Howl
Un monster movie in piena regola, notturno e claustrofobico, ancorato fedelmente alle coordinate di genere più essenziali: nessuna implicazione sociale o politica, ma soltanto puro entertainment.
Sembra che nell’aria ci sia una gran voglia di ritornare ai mostri classici, almeno per quanto concerne buona parte del cinema fantastico odierno. E se non stupisce più di tanto la notizia che la Universal voglia riesumare il proprio lotto di creature “storiche” (Dracula, Frankenstein, La mummia, L’uomo lupo ecc.) con almeno una nuova produzione all’anno, altrove non si resta con le mani in mano.
All’ultimo Festival di Torino, per esempio, è appena stato presentato l’irlandese The Hallow, storia di folklore e di creature del sottobosco, ed ecco arrivare invece dall’Inghilterra questo Howl, diretto dallo specialista di effetti di make up Paul Hyett, già collaboratore di Neil Marshall e Jaume-Collet Serra. Un monster movie in piena regola, notturno e claustrofobico, che non sembra avere alcuna intenzione di sconfinare dalle coordinate di genere più pure e semplici: nessuna implicazione sociale o politica, nessuna ambizione autoriale che non sia quella – a volte sacrosanta – di realizzare un film di creature vecchio stampo, nonostante l’inevitabile utilizzo della CGI (che comunque qui è tenuta sotto controllo).

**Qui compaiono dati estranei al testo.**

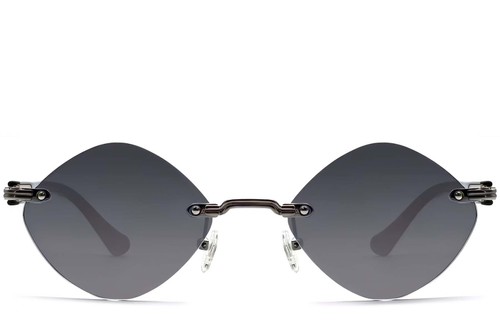 Invisible Grey Metal Sunglasses #BS2503-0089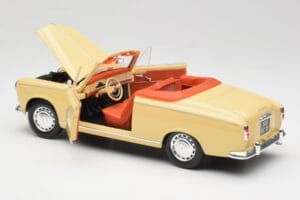 Peugeot 403 Kabriolet Piesková Žltá Solido 1:18 8165 Kov – obrázok 5 z 8
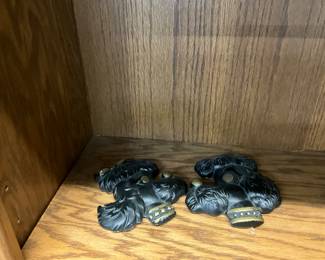 Miller Studio Chalkware Dogs Wall Decor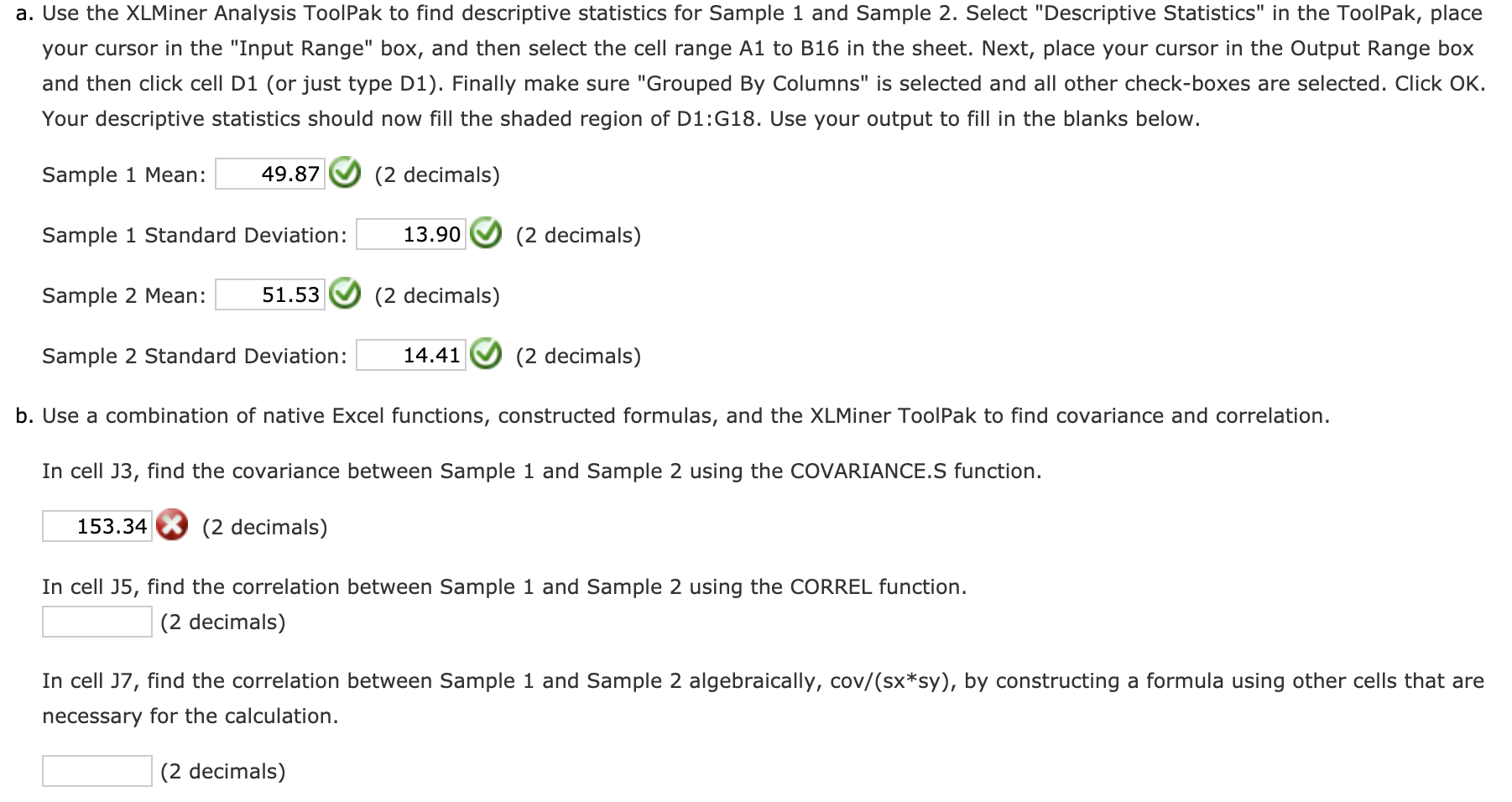 Solved Sample 1 Sample 2 72 86 41 56 49 45 45 51 27 40 72 73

Durante un viaggio notturno in treno, il convoglio subisce un guasto ed è costretto a fermarsi in aperta campagna; in attesa dei soccorsi, i passeggeri cominciano a essere massacrati da un gigantesco uomo lupo che li costringe a rimanere asserragliati all’interno delle carrozze, nonostante la situazione porti molti sopravvissuti ad esprimere il peggio di loro stessi. Nulla di nuovo sotto il sole, ovviamente: Howl guarda al cinema d’assedio di matrice carpenteriana (con i protagonisti dentro e la minaccia fuori), e non evita i luoghi comuni nella caratterizzazione di alcuni personaggi. Eppure, l’esperimento funziona. Hyett dimostra un notevole senso della suspense, sfruttando al meglio l’ambientazione ferroviaria in relazione con la (quasi) totale unità di tempo, e realizza un survival in piena regola, che nella seconda metà sembra abbracciare di petto il sottogenere di appartenenza moltiplicando le sue creature mostrando quella che sembra essere una vera e propria tribù di licantropi alle porte di Londra. Senza spiegare l’origine di nulla, ed è un bene. E senza neppure lesinare su alcuni tocchi di ironia, e pure questo è un altro bene.
Nella sua semplicità e immediatezza, quindi, Howl piace perché recupera un ruolo che il cinema dell’orrore oggigiorno sembra avere abbandonato e dimenticato: quello di raccontare una storia notturna e ricca di tensione, popolata di creature ancestrali ben radicate all’interno dell’immaginario collettivo ma ancora ricche di fascino e personalità. Per una volta, senza lasciare che il discorso si sposti sull’Uomo, sul mondo o sulla società. Puro entertainment, insomma: evviva. Il film ha vinto il Premio Nocturno “Nuove visioni” all’ultima edizione del Trieste Science + Fiction.